In monarchies of old, a declining king might find his court officials fighting to be the power behind the throne. When a king was unable to perform his duties, as in the famous madness of King George III, the result was a cobbled-together regency that lacked legitimacy. But, then again, Americans found the whole idea of monarchy to lack legitimacy, so what difference did it make whose hand held the scepter?
In our republic, things are different. A president derives his legitimacy from his election by the people. And unlike Regency-era Britain, America has a solution to this problem that we planned out well in advance: the vice president.
You might not love the way we elect presidents in this country. I suspect that if we were starting from scratch, we probably would not have an Electoral College at all. But we do have one, and it elected Biden and Harris.
You might not even think Harris would make a very good president — I sure don’t. But she is the lawful successor to the presidency. If Biden can’t do the job, his replacement is right there, elected by the same method he was, with the same democratic legitimacy.

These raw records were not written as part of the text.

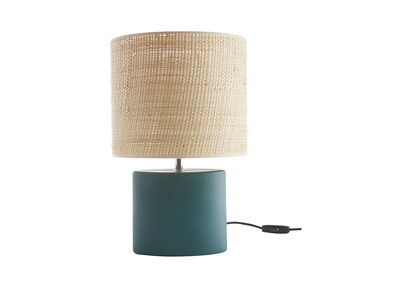 Lampe &agrave; poser en c&eacute;ramique bleu p&eacute;trole mat et abat-jour en raphia naturel H40 cm TIGA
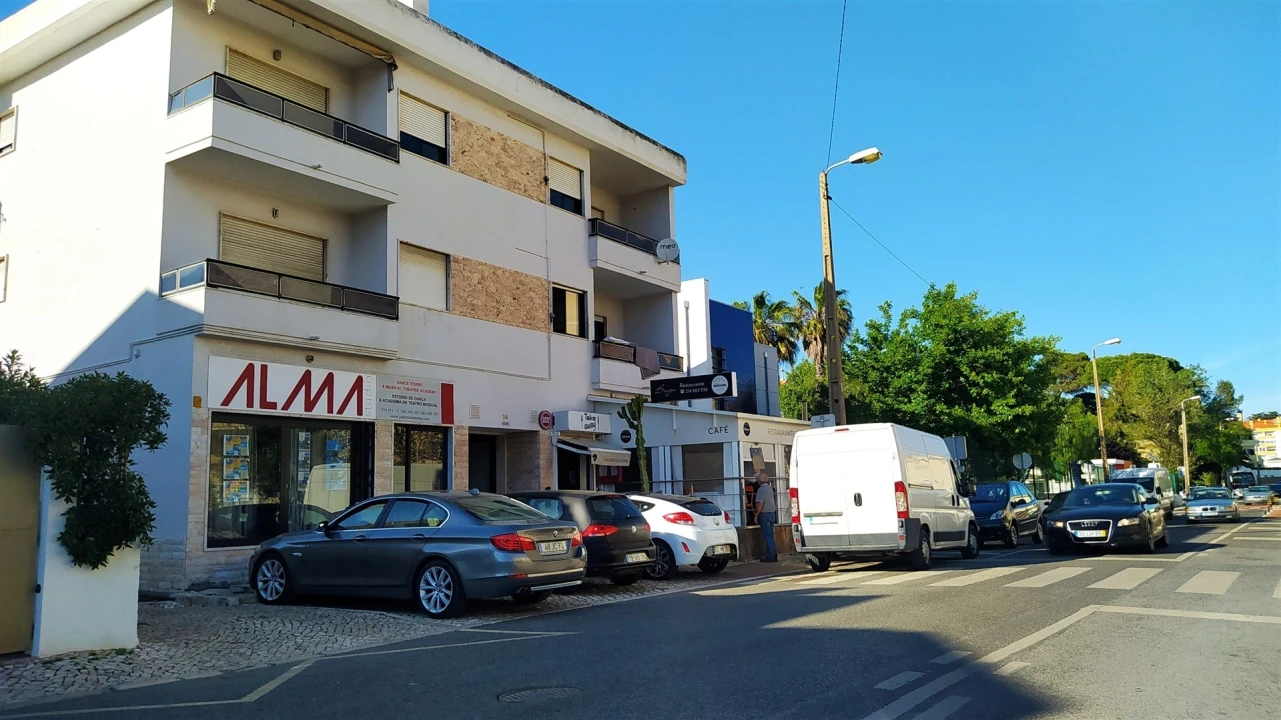 Apartamento T2 para Arrendamento em Cascais e Estoril Foto 24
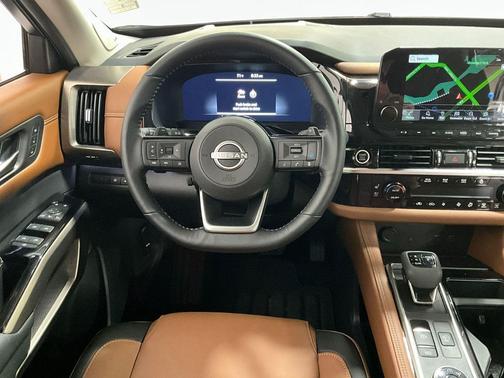 2024 Nissan Pathfinder Platinum 4WD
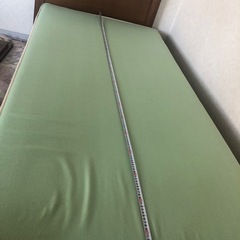 マットレス付き木製シングルベッドの画像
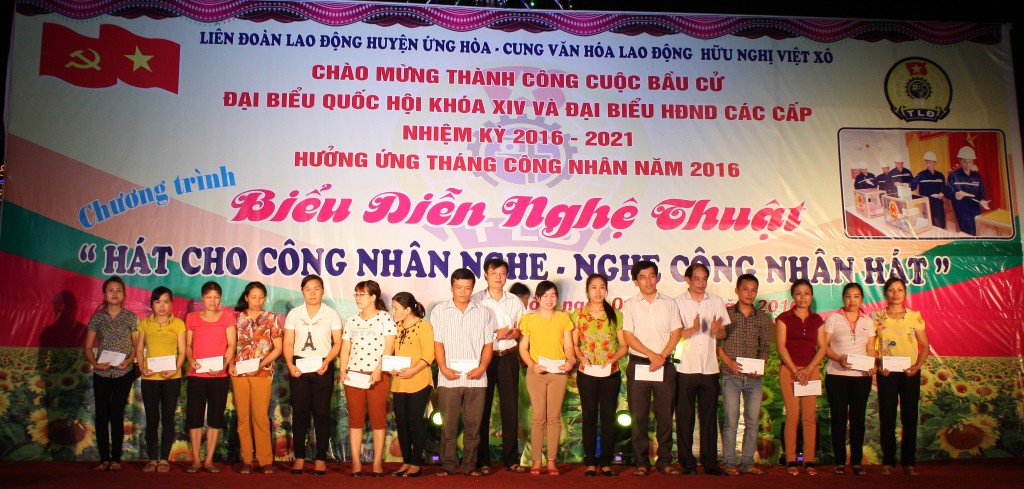 "Hát cho công nhân nghe, nghe công nhân hát” tại Ứng Hòa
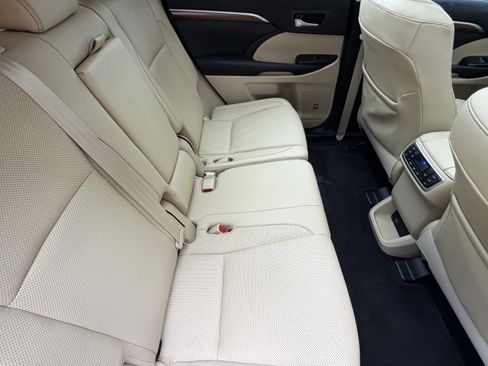 Used 2017 Toyota Highlander Limited Platinum FWD image 40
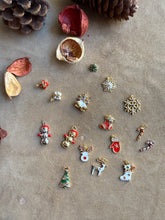 Carica l'immagine nel visualizzatore di Gallery, Pendente Albero di Natale Argento - Charm in ottone di alta qualità e zirconi - Collezione Charm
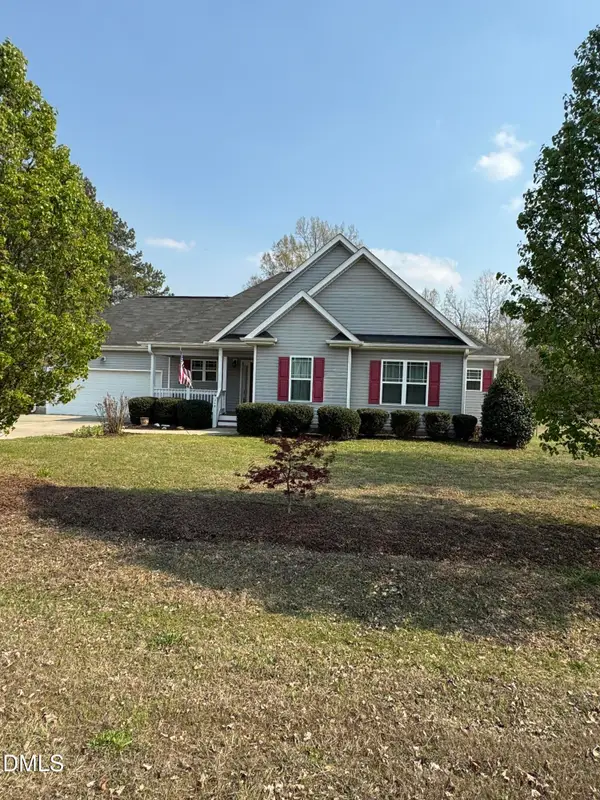 245 Oxfordshire Drive, Fuquay Varina, NC 27526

» READ MORE: Trump’s prosecution stretched the law to find him guilty | Kyle Sammin
We elect a president and vice president. The president appoints a cabinet, whose members are not elected but are at least confirmed by the elected Senate after public hearings. These are the parts of government our Constitution tasks with oversight of the executive branch. But now, we have a president who is supposedly only at his best for a few hours a day. We have a vice president seemingly shut out of the process entirely. And we have a cabinet that hasn’t even met with the president as a group since Oct. 2.
This is the democracy the Democrats say is imperiled by Donald Trump?
When rioters stormed the U.S. Capitol on Jan. 6, 2021, it was called a coup, a putsch, an autogolpe, and all other sorts of foreign words for the very un-American act of overturning an election. Those people made a hack-handed attempt to take power from the ones who were elected and give it to the ones who weren’t.
The Jan. 6 rioters failed to overturn an election. But the ones who were elected — Biden and Harris — still ended up not truly running the country. And as we hear the stories leaking out of the White House since the debate, we are forced to confront the fact that it’s been like this for some time now.
Alex Thompson of Axios reported on July 5 that one former Biden aide told him how “Annie, Ashley and Anthony create a protective bubble around POTUS. He’s staffed so closely that he’s lost all independence.” The “Annie, Ashley and Anthony” here refer to Deputy Chief of Staff Annie Tomasini, her subordinate Ashley Williams, and Anthony Bernal, a top adviser to first lady Jill Biden. Other reports name Hunter Biden (like Trump, a convicted felon) as his father’s “gatekeeper.”
I don’t recall seeing their names on the ballot in 2020, do you?